Mr. Pongpun further stated: “The performance outlook in Q2/2026 remains uncertain and may move in the opposite direction from Q1/2026.” Thaioil identified the following key risk factors:
- Risk of stock loss from Q2/2026 onwards
Advance crude oil procurement to maintain maximum refinery utilization during the peak conflict period between March and April 2026 took place amid high volatility and elevated crude oil prices. Should geopolitical tensions ease, declining crude oil prices may lead to future stock loss.
- Risk of financial liquidity
- Thaioil required additional working capital by THB 18,000 million to support higher crude oil procurement costs.
- Cash flow reduced by THB 2,800 million from diesel ex-refinery price cut THB 2-5 per litre during 9 April to 19 May 2026.
- Delayed reimbursements from the Oil Fuel Fund amounting to THB 10,314 million as of 5 May 2026 may further weaken liquidity.
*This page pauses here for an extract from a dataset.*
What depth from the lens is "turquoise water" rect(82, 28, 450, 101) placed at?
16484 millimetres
Based on historical experience during the Russia-Ukraine conflict, reimbursements took approximately one to two year(s).
As a result, Thaioil’s liquidity is expected to decline by THB 31,000 million, excluding additional financing costs and increased interest expenses approximately THB 900 million. The company stressed that these additional burdens are temporary and are not being passed on to consumers, as the measures are intended to support Thailand’s national energy security.
- Risk of domestic demand volatility
- Opportunity loss occured from limitations on refined oil exports during periods of elevated prices, while domestic demand softened. Export product distributions are deferred, while price is likely to decrease.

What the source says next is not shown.